布団の中に
掛布団が不自然に盛り上がっていた。私が普段使っているアイボリーの掛布団が、なんだか別もののように感じる。ひんやりと全身が冷え、毛穴からどっと汗をかいた。
いるね……って、こっち? 確かに今までも、部屋の中で変な物を見ることはあった。またあいつらが、入り込んでいるのか。

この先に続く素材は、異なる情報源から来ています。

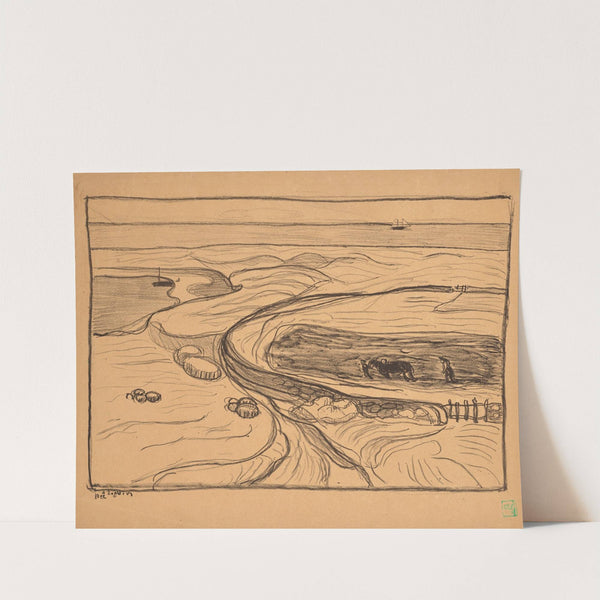 La Plaine (The Plain) (1893) by Armand Seguin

呆然として恐怖から足も動かない。だがそんな私をよそに、つかつかと竜崎さんはベッドに歩み寄り、躊躇いなく布団に手を伸ばしたのでぎょっとした。
「竜崎さ……!」
止める間もなく、ばっと布団が持ち上げられる。そこにいたもの達を見て、私は短い悲鳴を上げた。
「……子供か?」
竜崎さんは顔を顰めてそれを凝視する。私は口を手で覆ってがくがくと震えた。
「赤ちゃん……です……三、違う、四人……」
ベッドの中にいたのは肌が黒く変色した赤ちゃんたちだった。みんなベッドの上に座り込んだ状態で体を寄せ合い、こちらを凝視している。全員干からびたような姿になり、やせ細っていた。目玉だけが異様に飛び出てこぼれそうに私の方を見つめており、瞳孔が開ききったその目からは、恨みや悲しみ、でも同時に嬉しさも感じ取れる。
彼らはじいっと私だけを見つめている。
その目に魅入られるようになっていると、ふと自分の足が自然と動く。意識していないのに向かった先は、すぐベッドの向こうにあるベランダだった。とにかくあそこから外へ逃げなくては、と瞬時に思ったのだ。逃げないと、今すぐ、絶対に、今すぐに。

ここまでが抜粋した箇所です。